Italian Roman Catholic prelate and biblical theologian (born 1957)

Flavio Cavallini OFM (born 12 August 1957) is an Italian Roman Catholic prelate and biblical theologian who has served as the Apostolic Administrator of Southern Albania since April 2026. A member of the Order of Friars Minor (Franciscans), he previously served as the parish priest of Saint Anthony in Tirana.

== Early life and education ==
Flavio Cavallini was born on 12 August 1957 in Verona, Italy. He entered the Franciscan Order and underwent his initial formation at the San Bernardino Inter-Provincial Theological Studium in Verona, where he completed his studies in philosophy and theology.

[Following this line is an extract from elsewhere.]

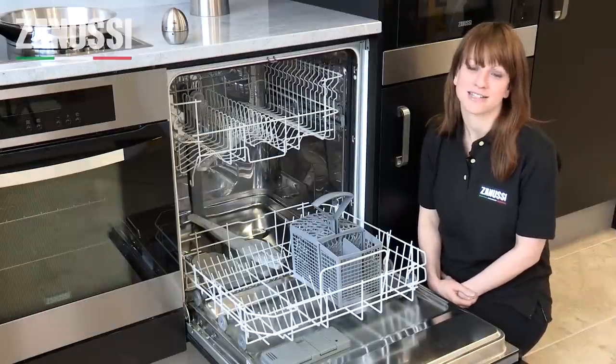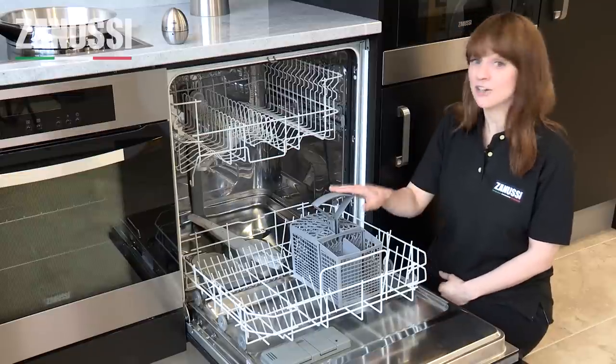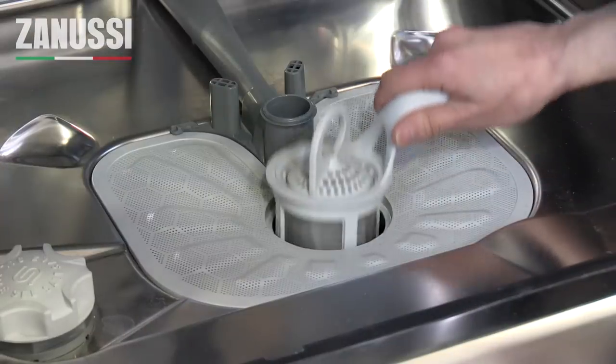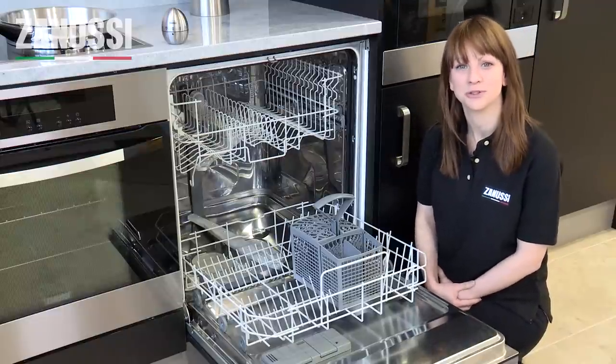Finding and buying replacement parts and accessories for your model of Zanussi dishwasher is easy on the Zanussi website. Parts like cutlery baskets, basket wheels, door seals, spray arms and filters are only a few clicks away. In fact, every single component from the motor down to a single screw should be available for your model.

He later moved to Jerusalem to continue his intellectual and spiritual formation at the Studium Biblicum Franciscanum, where he obtained a licentiate in biblical theology. He was ordained a priest on 16 June 1984.

== Ministry in Albania ==
Cavallini moved to Albania in 1993, shortly after the fall of the communist regime, to assist in the reconstruction of the local Catholic Church. He became a prominent figure in the Albanian Franciscan Province, serving as Provincial Minister for three terms.

In Tirana, he served as the parish priest of the Church of Saint Anthony (Shna Ndou), a significant center of pilgrimage. He also founded and directed Vatra Biblike (Biblical Hearth), a service of the Archdiocese of Tirana-Durrës dedicated to biblical formation and promoting Christian experience in the capital.

== Apostolic Administrator ==
On 25 April 2026, Pope Leo XIV appointed Cavallini as the Apostolic Administrator of Southern Albania. He succeeded Bishop Giovanni Peragine, who previously was transferred to the Archdiocese of Shkodër-Pult. Also it was announced in his appointment, that he will serve without the episcopal rank, meaning, that he remains a priest.

The Apostolic Administration of Southern Albania is an ecclesiastical jurisdiction that serves the small Catholic minority (mostly of the Byzantine Rite) in the southern half of the country.